L’intérêt de ce livre est triple. Pour un lecteur non familier de cette histoire, il offre une approche globale de ces années de développement de la justice pénale internationale, quoique la lecture suppose souvent une connaissance préalable des événements pour se repérer dans le maquis des conférences et négociations évoquées. En second lieu, pour les chercheurs en sciences humaines notamment, c’est un document précieux pour comprendre la complexité des processus de négociation et d’élaboration des institutions, des différents traités et conventions qui, avant de s’imposer avec la rigueur du marbre, ont été l’objet de tractations indéfinies entre les différents pays. Il restitue ainsi une dimension humaine de contingence et d’imprévisibilité. Ainsi en est-il du rôle de Madeleine Albright pour promouvoir des femmes, juges ou procureurs, en tant qu’actrices de cette justice ou de l’exclusion de la peine de mort de l’échelle des peines du TPI pour le Rwanda et de la CPI. Le livre éclaire également les liens complexes entre politique d’immigration américaine et jugement des crimes de guerre. Enfin, sans révéler de secrets d’États, D. Scheffer éclaire les dessous et coulisses d’événements ou de situations controversés, par exemple la longue impunité de Radovan Karadzic et Ratko Mladic, largement favorisée par la France.

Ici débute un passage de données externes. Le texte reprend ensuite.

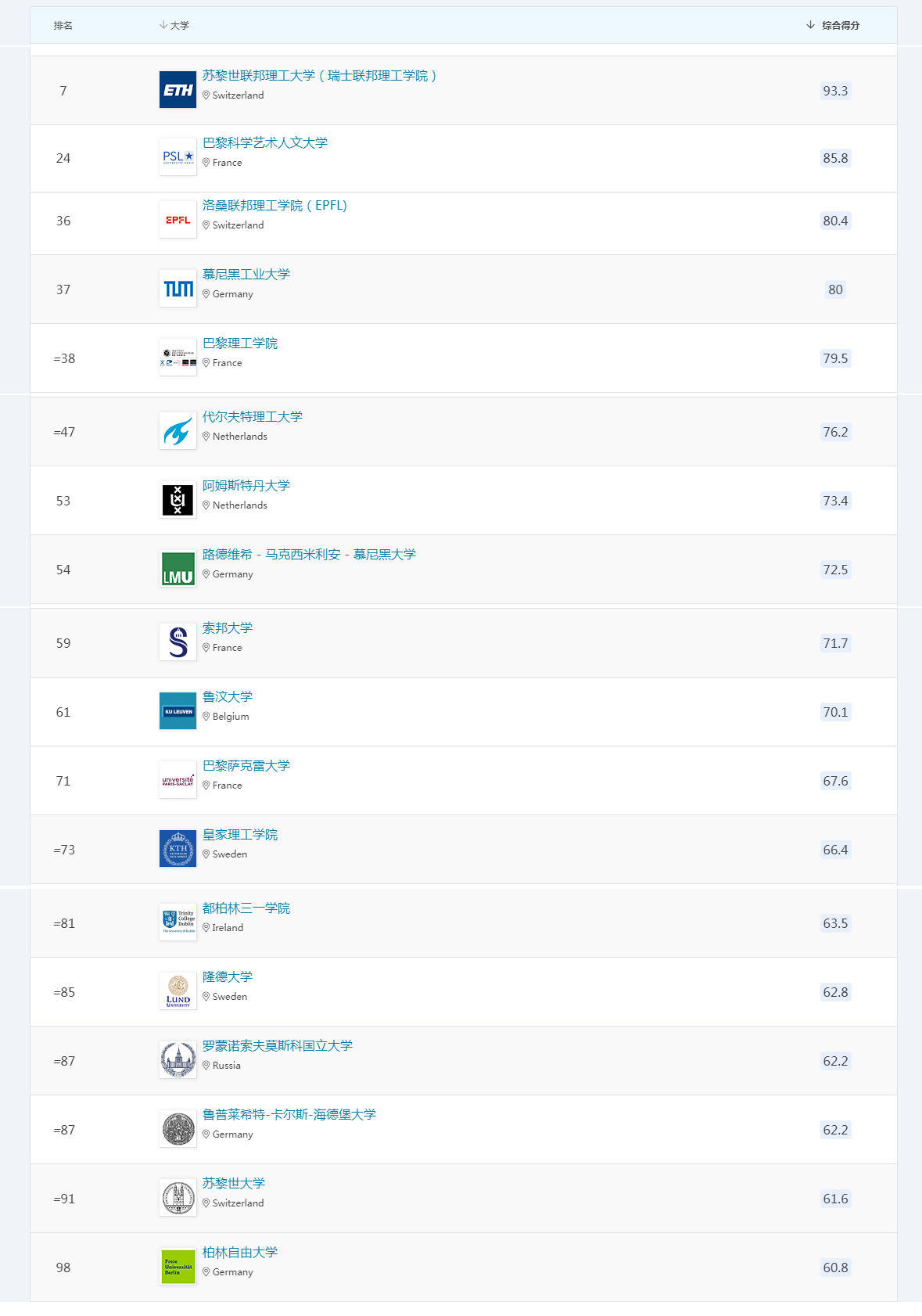 进入前100的除英国外的其他欧洲院校.jpg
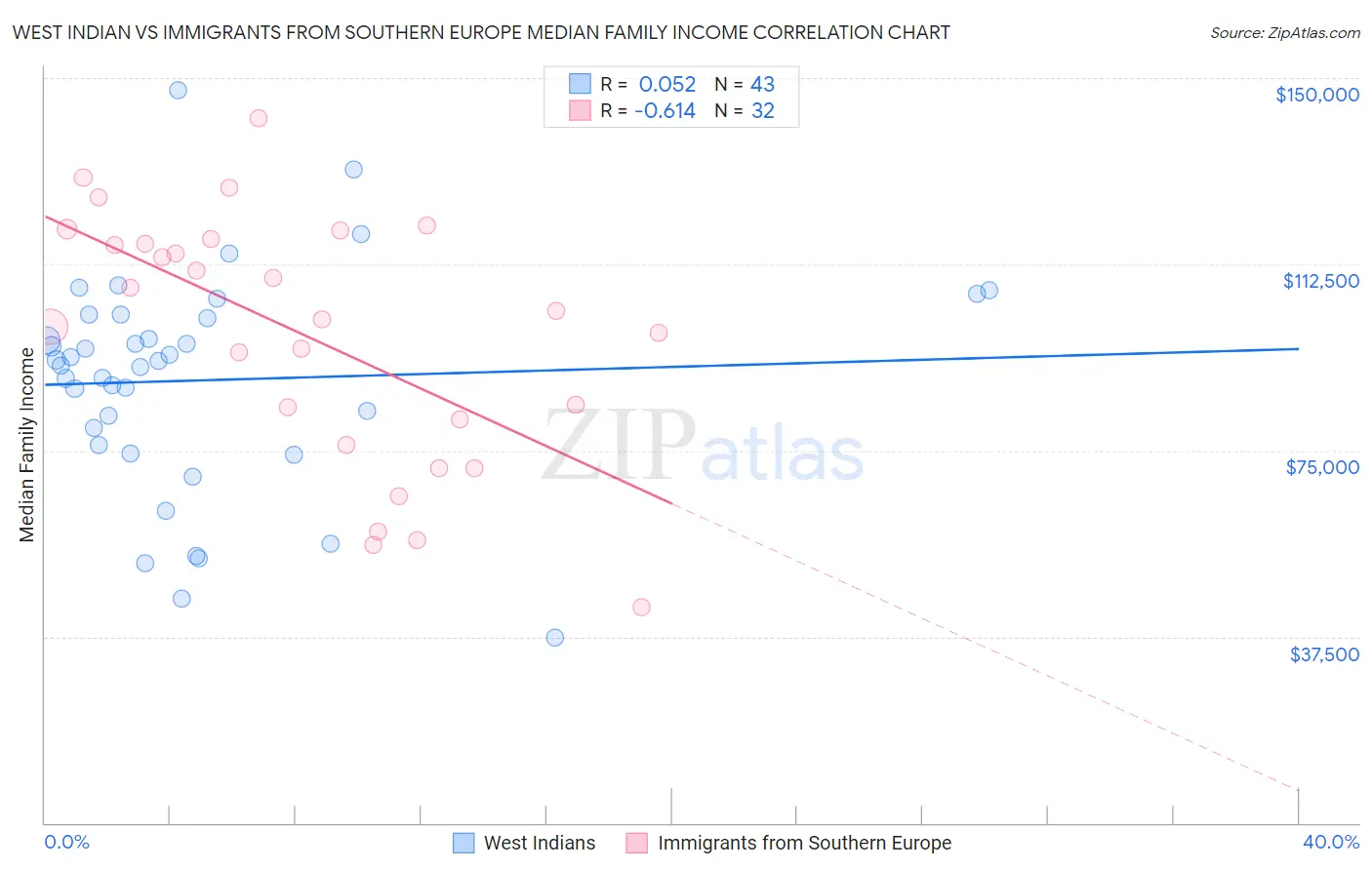 West Indian vs Immigrants from Southern Europe Median Family Income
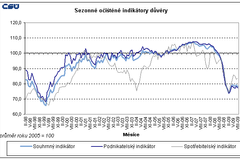Sezonně očištěné indikátory důvěry
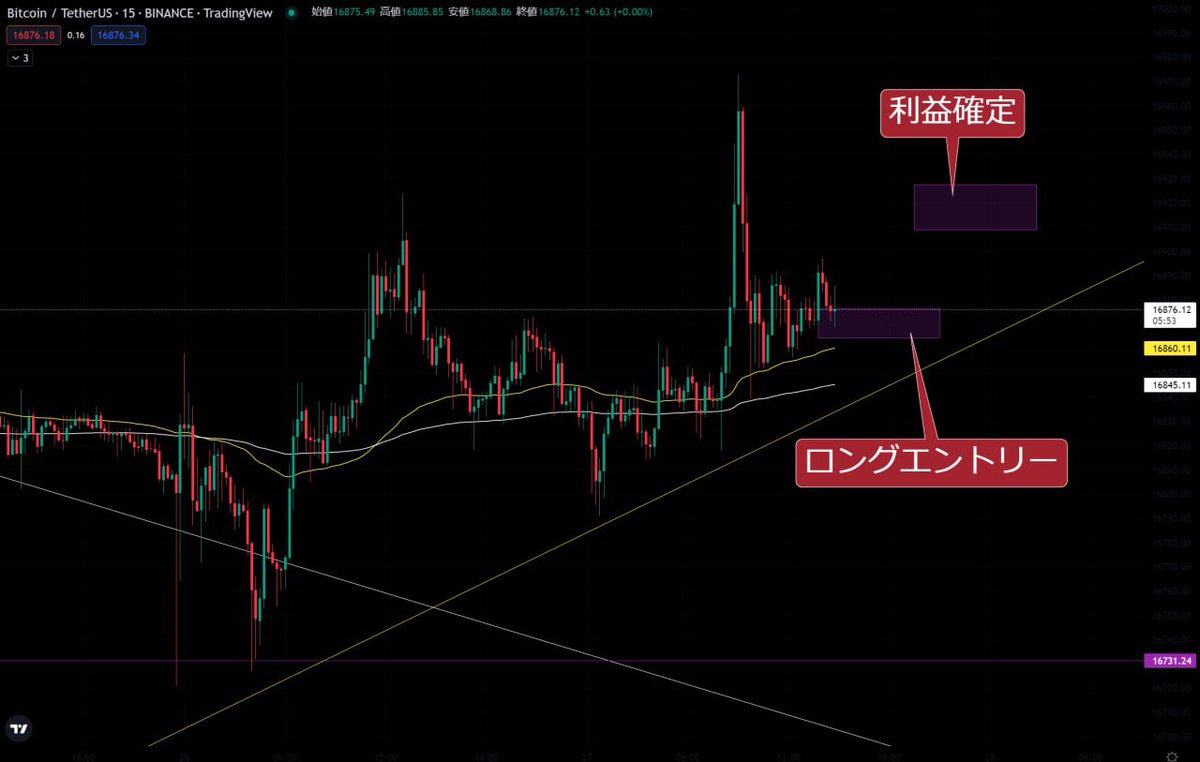 Crypto_King444's tweet photo. #Bitcoin 

ちょ〜どポイントまで来てる〜！ https://t.co/TaMraimJ2b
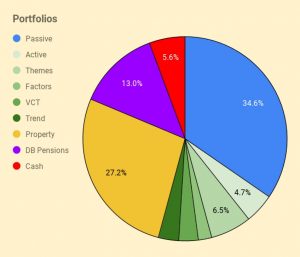 Portfolios 220215 (February 2022 &ndash; Trades, Tips and Funds)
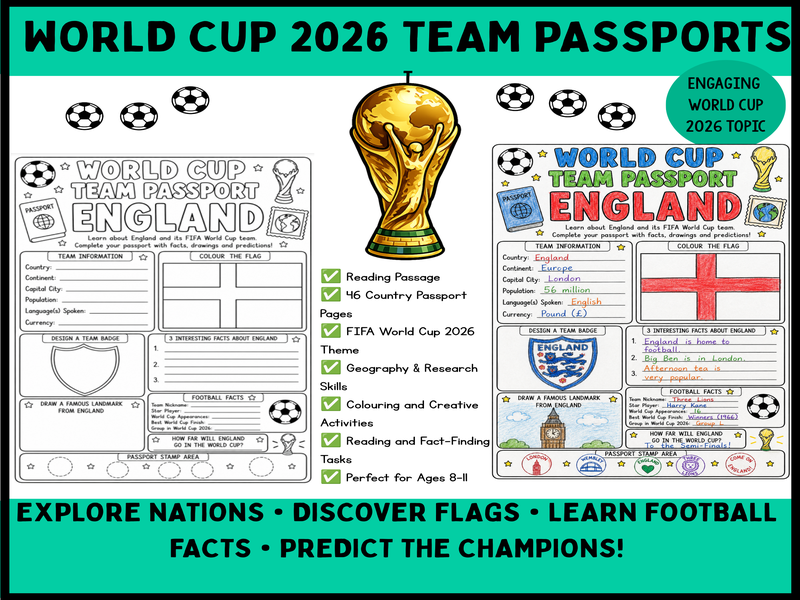 World Cup Team Passports | 46 Country Research Worksheets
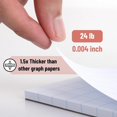 thumbnail image 3 of baomifa Papier Quadrillé, 2 Pack, 8.5"x11 Pouces, 2x2 (2 Carrés par Pouce), 55 Feuilles/pad, Papier Quadrillé, 3 of 4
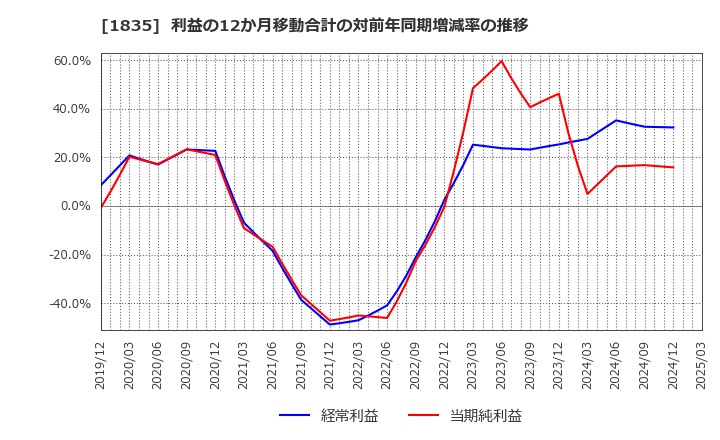 1835 東鉄工業(株): 利益の12か月移動合計の対前年同期増減率の推移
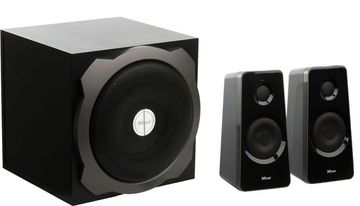 Trust без моделі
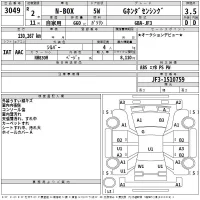 Honda N BOX лот № 3049 оценка 3.5  с аукциона в Японии 2
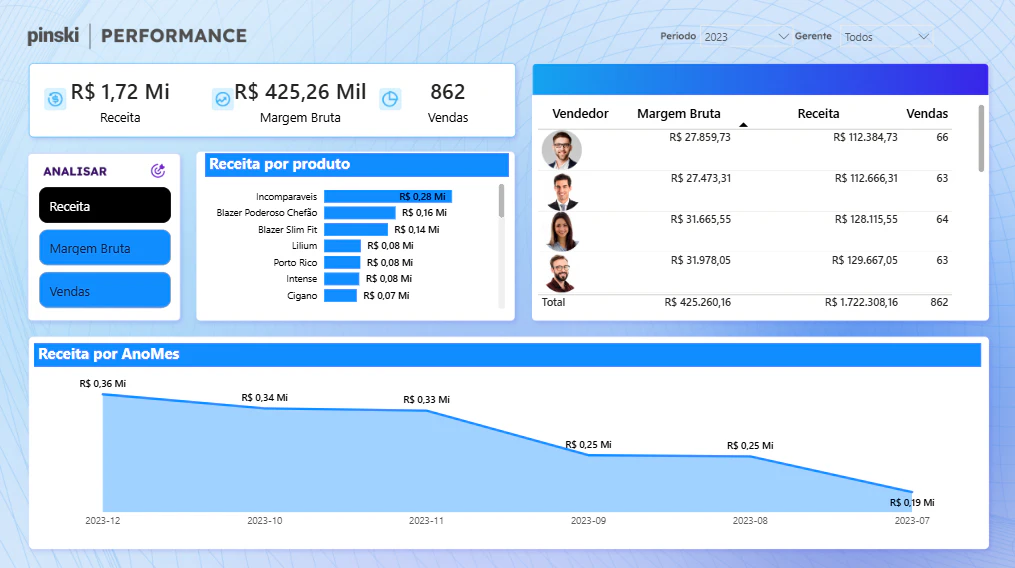 Dashboard Financeiro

L’ouvrage aurait pu être captivant, mais suscite une relative déception. Cette dernière tient d’abord à un style très factuel, traitant essentiellement d’entités génériques : le Pentagone, la France, l’Union européenne (UE), le Rwanda, la Chine, etc. Cet anonymat institutionnel finit par produire une vision désincarnée : dans ce grand théâtre, « la France » apparaît tour à tour comme réticente envers le TPIY, puis en pointe du progrès pour la CPI, sans que l’on comprenne ce changement.

Les remerciements de fin d’ouvrage révèlent que D. Scheffer doit notamment son engagement à Michael Walzer, dont il a suivi les cours sur la guerre juste, en compagnie de Benazir Bhutto et de quelques autres condisciples de renom. Il est dommage que l’auteur n’ait pas poussé plus avant sa réflexion théorique à partir de son parcours.